Hasta que su hermana, que vive en Guadalajara, lo reportó al asilo y el asilo lo recogió, le abrió las puertas.
Hacía 20 años que don Enrique se había separado de su mujer y a pesar de haber trabajado toda su vida, desde la infancia, no tenía mucho de dónde sacar para sobrevivir.
Por eso es que aceptó venir a este asilo.
Tuvo, tiene, dos hijos varones, de ellos habla poco, casi no habla, solo que no los vio mucho porque siempre trabajó fuera, manejando un camión materialista.
Luego consiguió un trabajo en la Forestal con un ingeniero que lo contrataba para hacer canales de riego en los ranchos.
Cada uno o dos meses miraba a sus hijos, de repente los llevaba a pasear con él a los ranchos.
“Llegaba y órale, vámonos a pasear para allá”.
Hasta que sus hijos se casaron y él se puso a trabajar en la casa donde vivía con su esposa de la que, dice riendo, se separó por “bronquillas”.
El mayor lo visita allá cada cuando, el otro no viene, sus nietos, dos, a veces y a veces vienen a verlo unos amigos suyos.
Pero todo está bien, dice Enrique, aunque sea Día del Padre y sus hijos no vengan a verlo, todo está bien, dice y se vuelve a reír con una risa paciente, resignada.
No, tampoco antes lo celebraban, había veces que el Día del Padre le tocaba trabajar y el Día del Padre se le iba trabajando.
“De repente puede venir mi hijo el mayor, el otro no, no creo, a lo mejor mi hermana cae por aquí este mes, dijo que a lo mejor venía”, platica Enrique.
Enrique tiene ganas de platicar y platica que hace años empezó a perder la vista, con un ojo no ve nada, con el otro apenas una luz, pero muy allá, muy lejana.
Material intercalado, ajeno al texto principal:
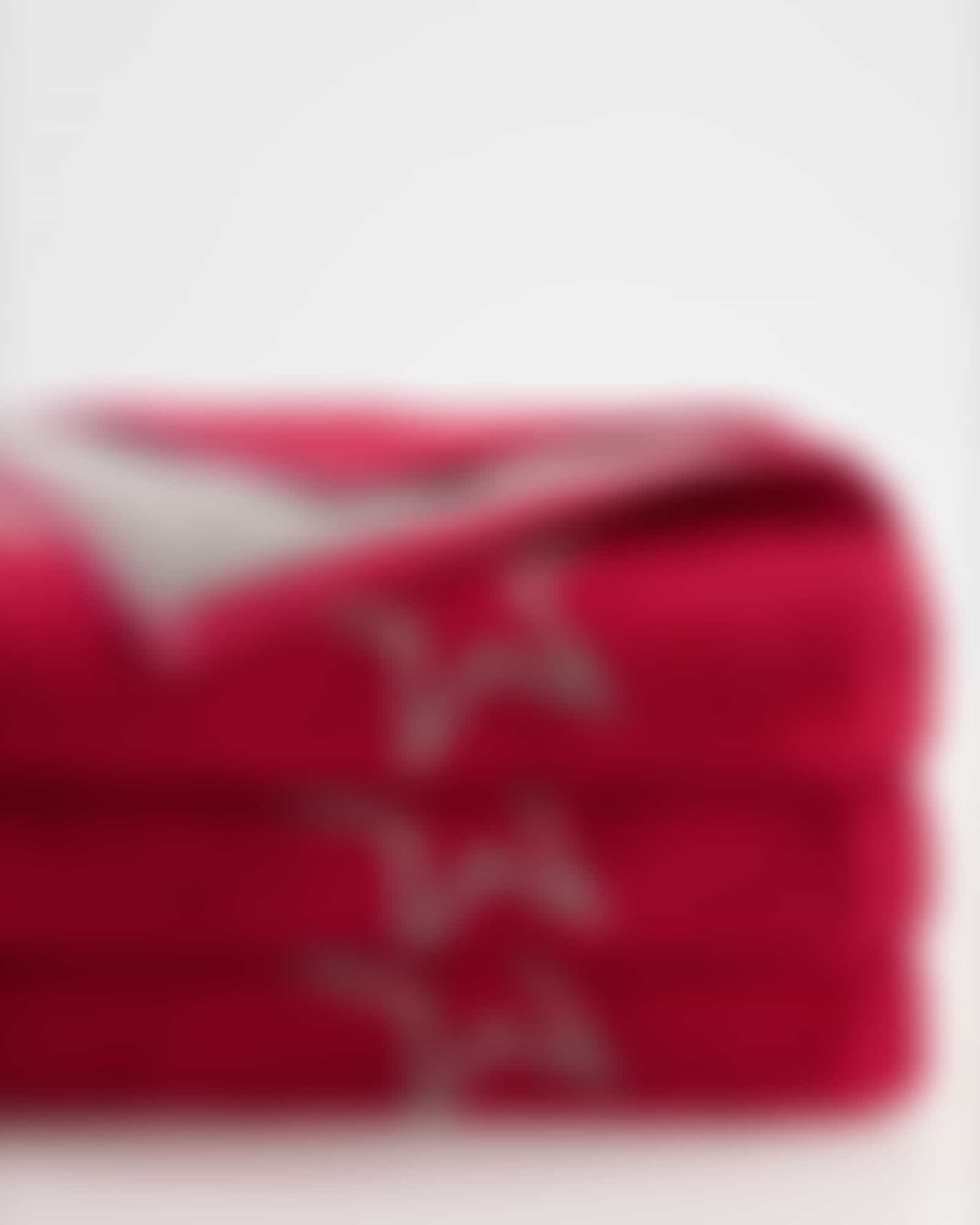 Cawö Christmas Edition Sterne 928 - Farbe: bordeaux - 22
Luego prefiere acordarse de su infancia, de allá, cuando vivía con sus padres y hermanos en “Los Rodríguez”, cuando “Los Rodríguez” era un rancho.
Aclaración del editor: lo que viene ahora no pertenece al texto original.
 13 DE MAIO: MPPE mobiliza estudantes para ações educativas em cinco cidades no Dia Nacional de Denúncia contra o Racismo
Don Enrique era todavía un plebe cuando empezó a trabajar ordeñando las vacas de otros, tempranito, yendo a la labor a cortar alfalfa, a cuidar ganado ajeno.
Fue a la escuela, pero lo corrieron por aplicado, dice en tono de guasa, no, rectifica, sí estuvo hasta el segundo de secundaria, le gustaba la escuela, lo que no le gustaba eran las clases.
“Tuve un problemilla con un compañero, nos dimos de golpes y me corrieron, ‘vámonos’”, relata.
Por esa época su padre, que trabajaba en la Cinsa, tuvo un accidente de trabajo en un brazo que con el tiempo le resultó en artritis y ya no trabajó o trabajaba en temporadas y entonces Enrique tuvo que salir a las calles a bolear zapatos.
Después consiguió un empleo en Reynosa como afanador en el departamento de bomberos, todo lo que ganaba lo mandaba a casa, a sus padres.
Después entró en una funeraria como chofer y más tarde como embalsamador. Un doctor le enseñó a cortar, a abrir a los muertos por el pecho.
‘YA ME ANDABA MURIENDO’
Enrique, que hasta ahora no se había movido en su silla de ruedas, enseña una marca de un rasguño profundo que tiene en su brazo derecho, es la cicatriz que le dejó el cuchillazo que le dio un pandillero cuando él trabajaba en la Policía Municipal. Don Enrique fue también Policía Municipal.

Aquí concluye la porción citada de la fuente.